Friday, 20 July 2018: 16:15
Oral Presentation
Elif YILDIZLI, Westphalian Wilhelms-University of Münster, Germany
Gender equality is central in Alevism and is defined as the article of faith. However, the public and private discourse is implicitly shaped by a certain concept of "Alevi woman". In the secular space the role of Alevi woman is defined by gender and sex (following Butler) in order to reproduce patriarchal and cultural values. But in the religious space neutrality of the sexes is underlined by the concept of "Can" (soul) that means de jure that there is no gender separation. The Alevi ritual is being carried out together by women and men together. In the secular world, however, the Alevi woman still struggles for equality. For example, family honour is still defined by women's body (sex).

Taking a closer look at the "Can"-principle, it should be noted that it’s not adequately practiced in the religious sphere because women are not allowed to lead a Cem (Alevi ritual). Nevertheless the "Can"-concept is a resource for participation of Alevi women, because of its de-sexualizing function. This concept of equality is raised as a positive modern feature of the Alevis in contrast to "anti-modern Sunnis" in the public discourse. Even for Alevis the rigid dogmatic, man-controlled secular space, as well as religious space, proved to be a fallacy.

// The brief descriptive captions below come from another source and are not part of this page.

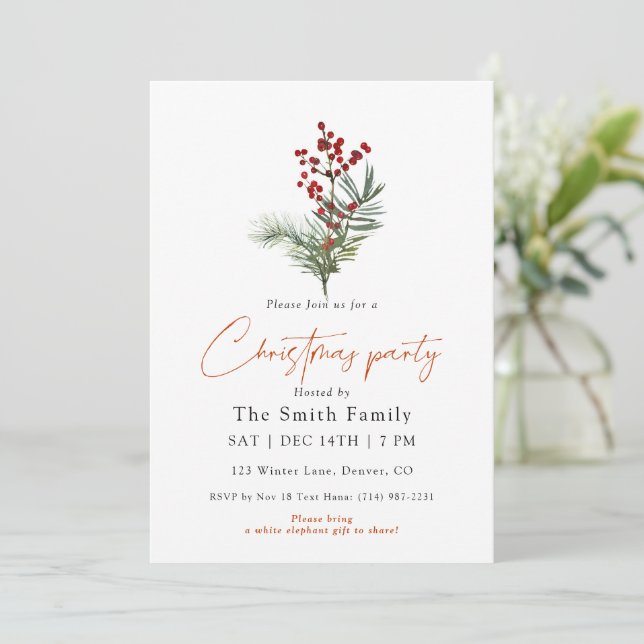 Invitation Minimal Watercolor Berry Christmas Party (Debout devant)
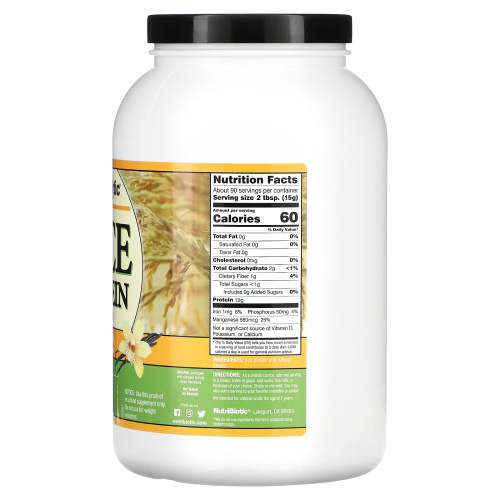 NutriBiotic, Необработанный рисовый протеин, ваниль, 1,36 кг (3 фунта) фото 2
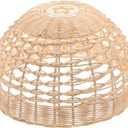 Artibetter Rattan Pendant Lamp Shade Replacement Woven Cage Hanging Lampshade Retro Chandelier Cover Natural Wicker Light Shades for Farmhouse Home Bedroom 116 Icnh
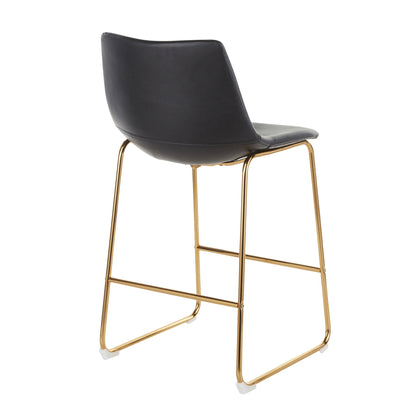 Duke Contemporary Counter Stool set of 2 black faux leather seat with gold-tone legs on Tampa Home & Garden Store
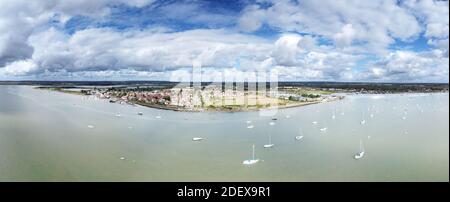 birds eye panoramic view over the river chelmer look across the water at the small village of heybridge basin in essex Stock Photo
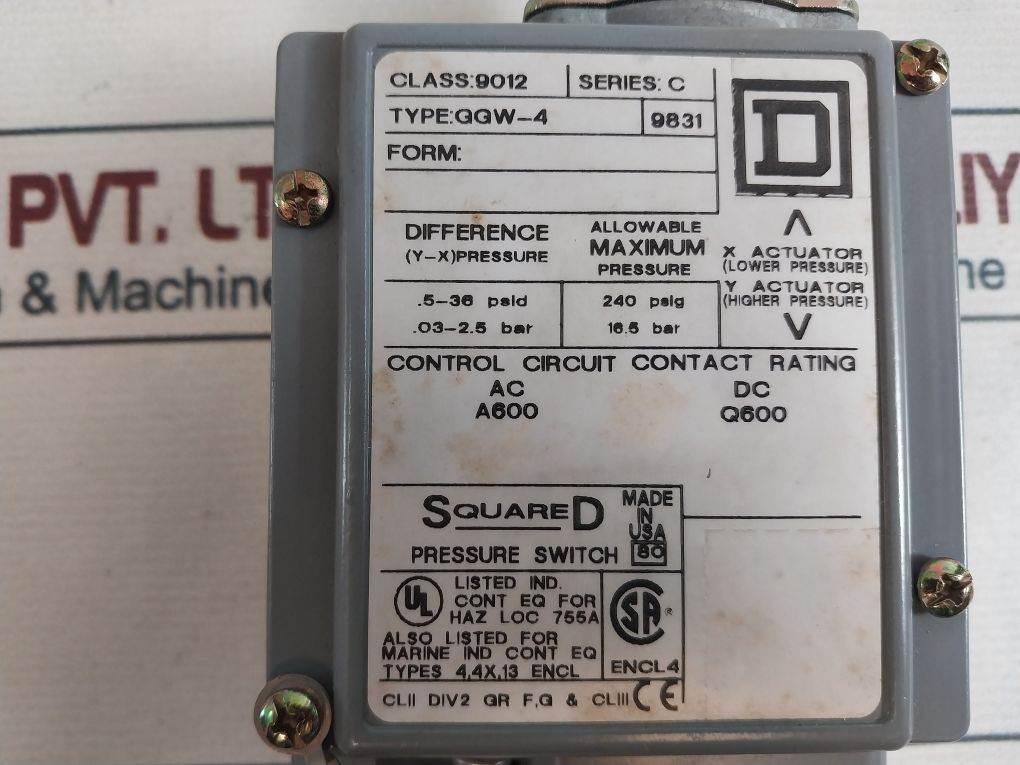 Square D Ggw-4 Differential Pressure Switch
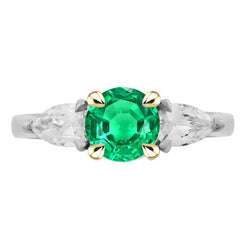 Natural Real ( Not Lab Grown ) Pear Diamond & Green Emerald GIA Ring 3 Stone Gemstone Jewelry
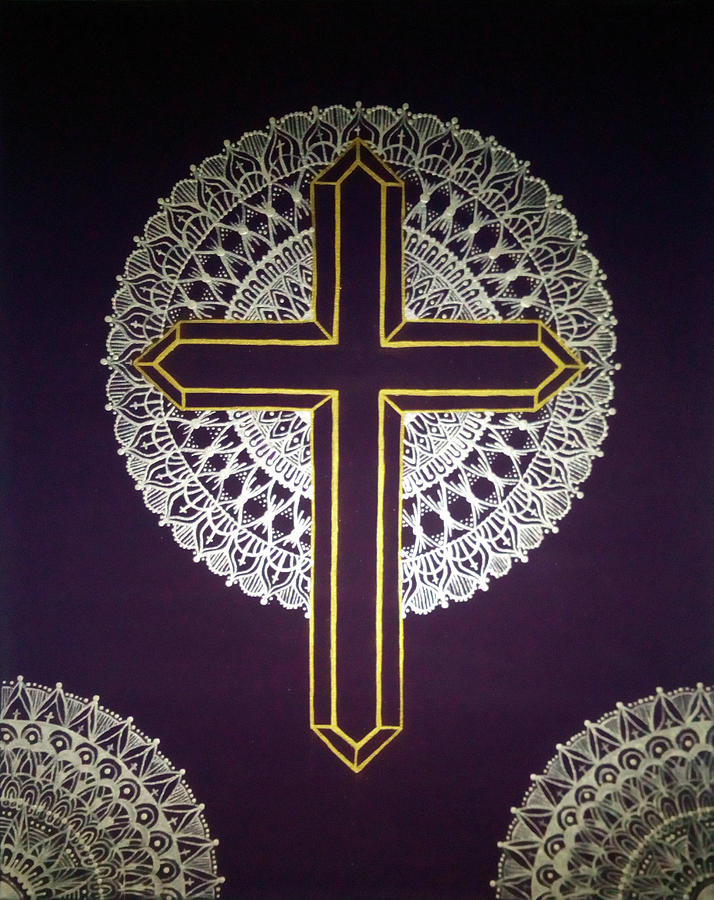 Gold Cross Mandala Painting by Eseret Art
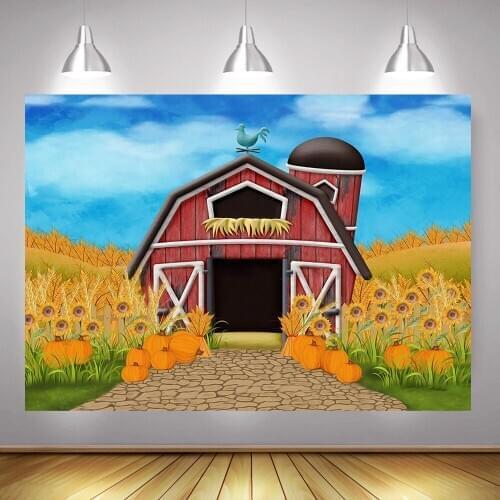 Crops Farm Photography Backdrop Red Warehouse Sunflower Pumpkin Paddy Fall Photo Background Blue Sky Autumn Video Backdrops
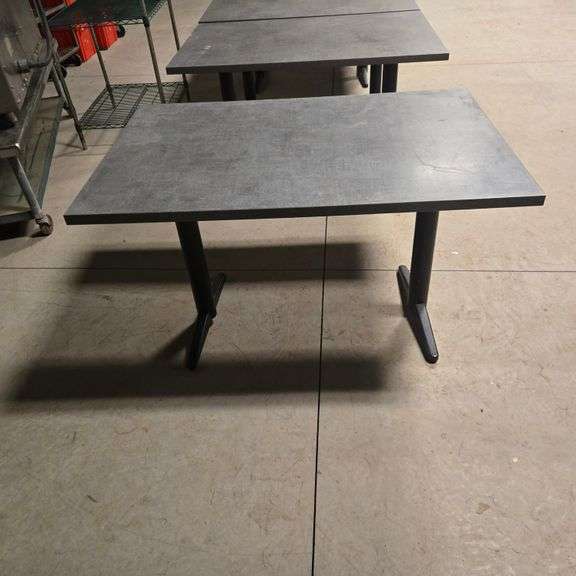 Norook Wood Laminate Table with (2) Cast Iron T Legs - 48" x 32" x 29.5"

The question of equality of the "Alevi woman" is a theoretically as well as an empirically relevant question regarding the fact that scientific work about this topic forms a desideratum. The talk concentrates on making the religious concept of "Can" theoretically useful for the discourse of the "(unequal) role of women in Alevism" and to investigate how the desexualization of gender with the concept of "Can" could be a resource-function of religion in the broadest sense.